Start of Collected material

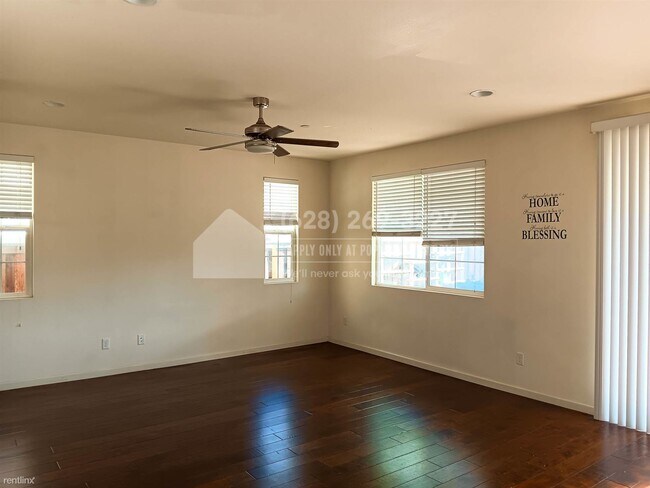 Building Photo - 4 br, 2.5 bath House - 113 Bradley Ct -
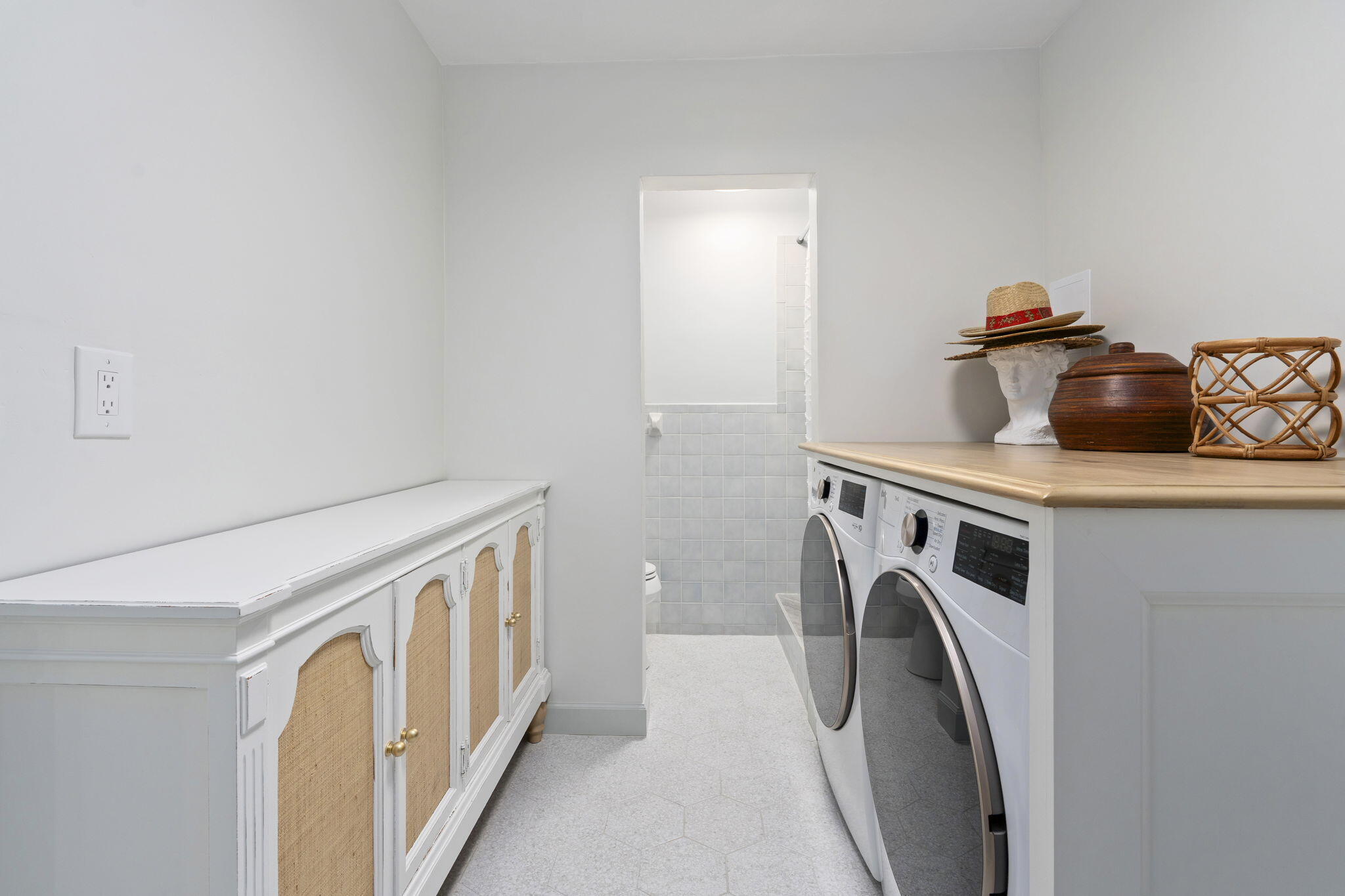 SKYLINE HEIGHTS - Residential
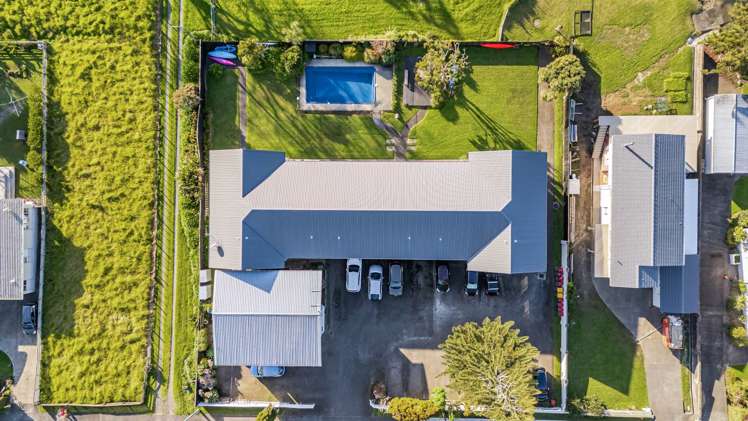 2G/25 Weranui Road Waiwera_17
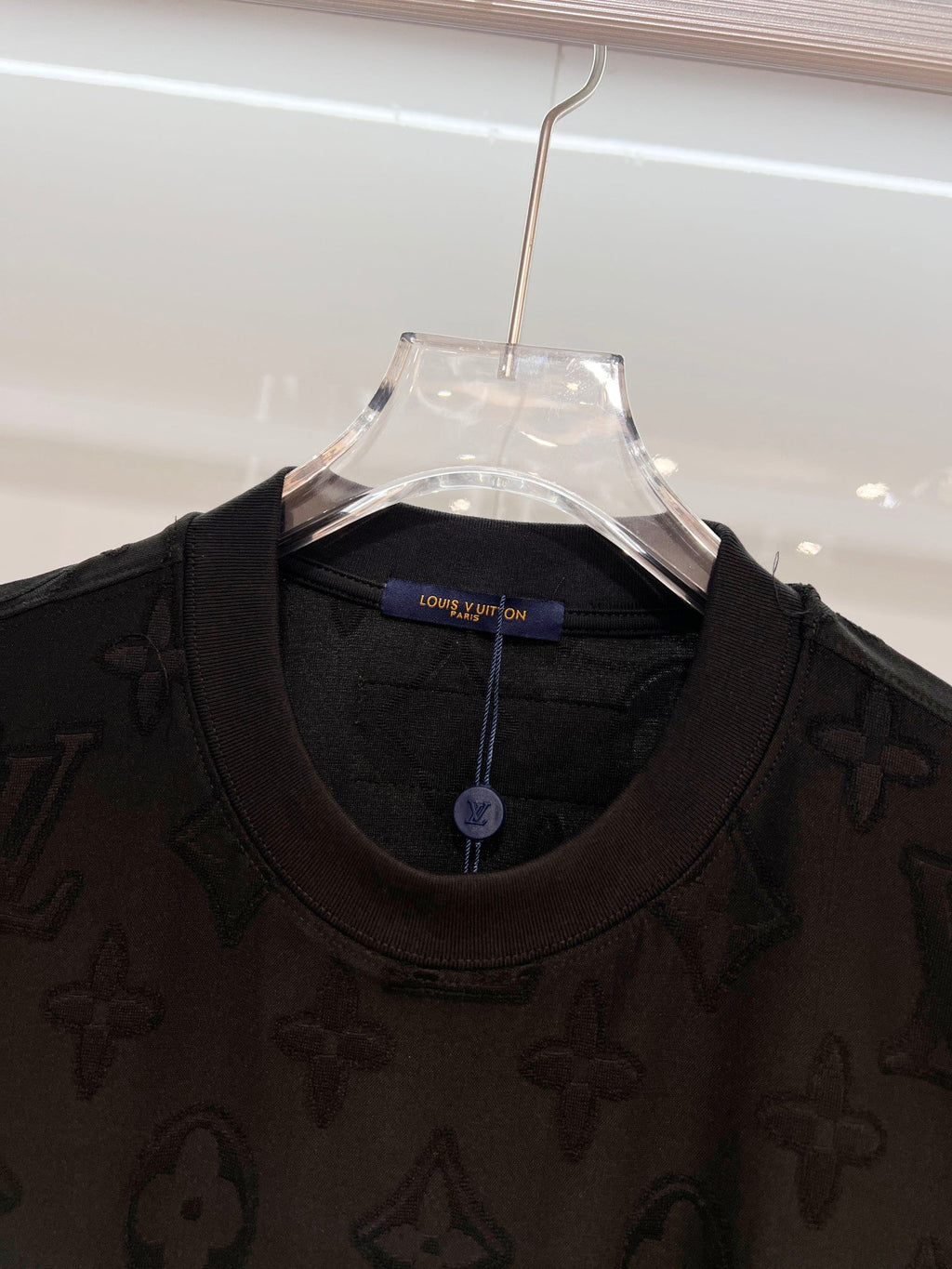 Dark patterned jacquard short sleeved t-shirt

End of Collected material

* [Your objective]:
The reply should consist only of the lines running from the one with "2G/25 Weranui Road Waiwera_17" through the end of the material, both included, copied exactly; please omit pictures.

* [Exercise result]:
 2G/25 Weranui Road Waiwera_17
 Dark patterned jacquard short sleeved t-shirt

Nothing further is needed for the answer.